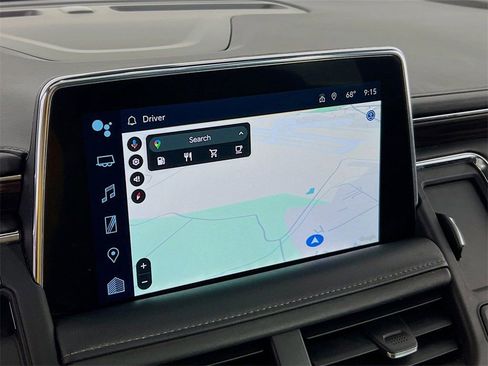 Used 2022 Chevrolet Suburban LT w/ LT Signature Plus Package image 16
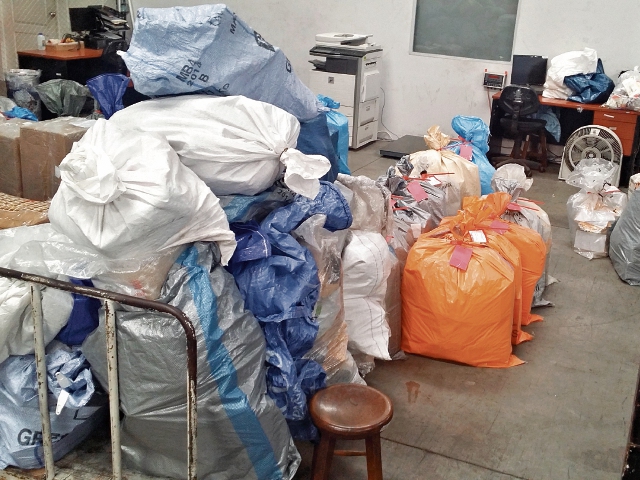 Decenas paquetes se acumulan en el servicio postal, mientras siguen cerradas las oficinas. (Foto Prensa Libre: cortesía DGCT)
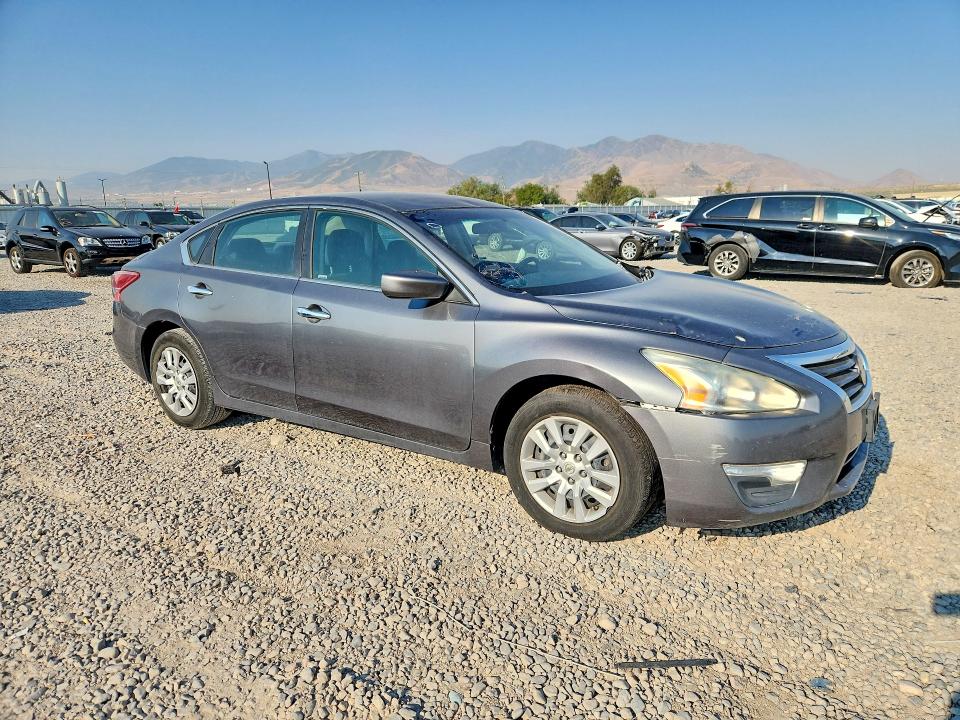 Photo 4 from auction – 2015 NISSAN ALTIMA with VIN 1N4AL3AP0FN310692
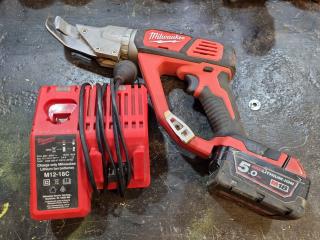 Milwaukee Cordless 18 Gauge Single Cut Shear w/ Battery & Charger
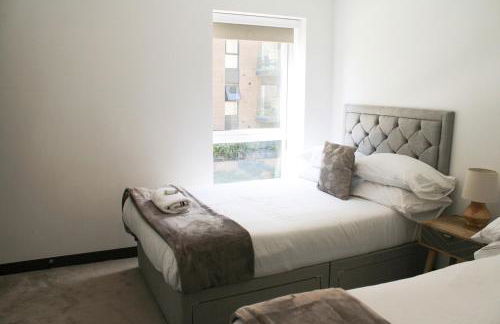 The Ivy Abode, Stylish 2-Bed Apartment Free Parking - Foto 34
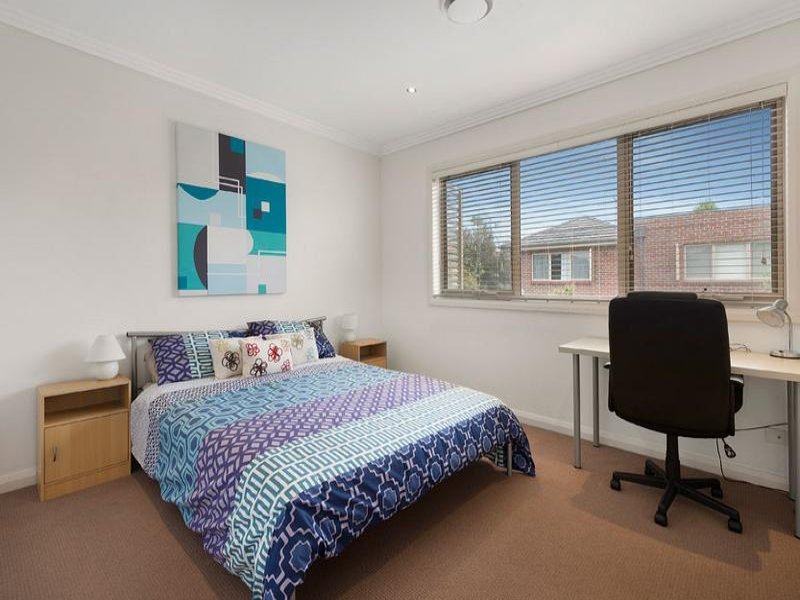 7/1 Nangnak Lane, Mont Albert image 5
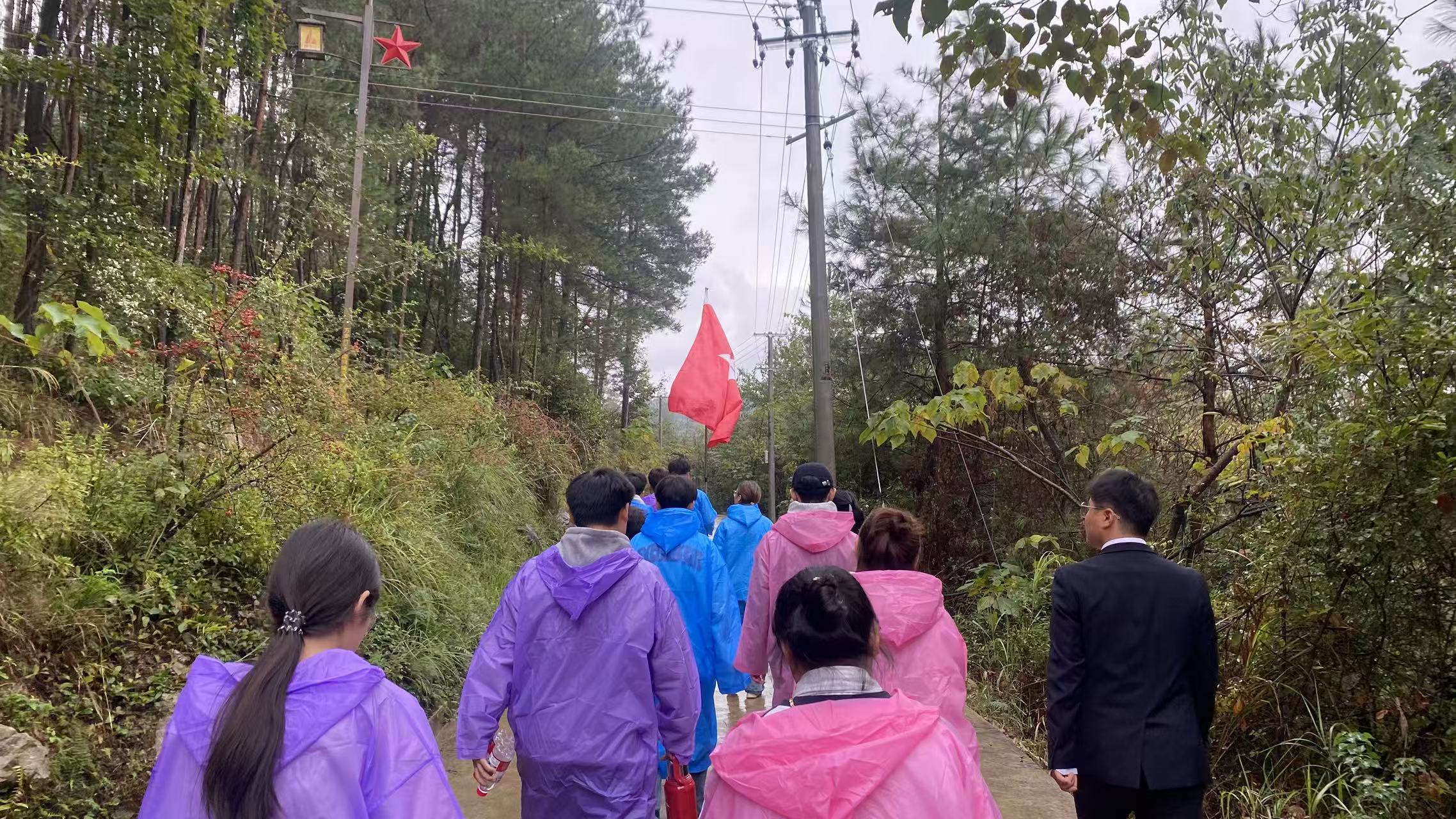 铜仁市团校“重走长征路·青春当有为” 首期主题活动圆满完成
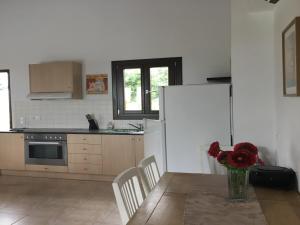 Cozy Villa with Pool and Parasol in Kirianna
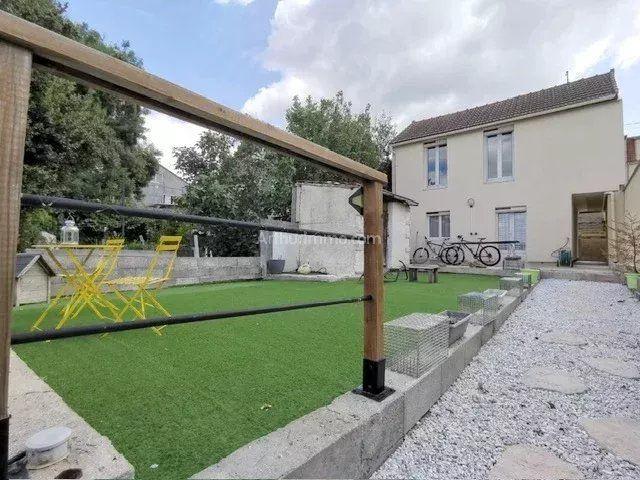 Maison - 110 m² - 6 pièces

EXERCISE INSTRUCTIONS:
Skipping the images, write out the whole listing exactly.

RESULT FOR THIS EXERCISE:
 Used 2022 Chevrolet Suburban LT w/ LT Signature Plus Package image 16
 Decenas paquetes se acumulan en el servicio postal, mientras siguen cerradas las oficinas. (Foto Prensa Libre: cortesía DGCT)
 Photo 4 from auction – 2015 NISSAN ALTIMA with VIN 1N4AL3AP0FN310692
 Milwaukee Cordless 18 Gauge Single Cut Shear w/ Battery & Charger
 The Ivy Abode, Stylish 2-Bed Apartment Free Parking - Foto 34
 7/1 Nangnak Lane, Mont Albert image 5
 铜仁市团校“重走长征路·青春当有为” 首期主题活动圆满完成
 Cozy Villa with Pool and Parasol in Kirianna
 Maison - 110 m² - 6 pièces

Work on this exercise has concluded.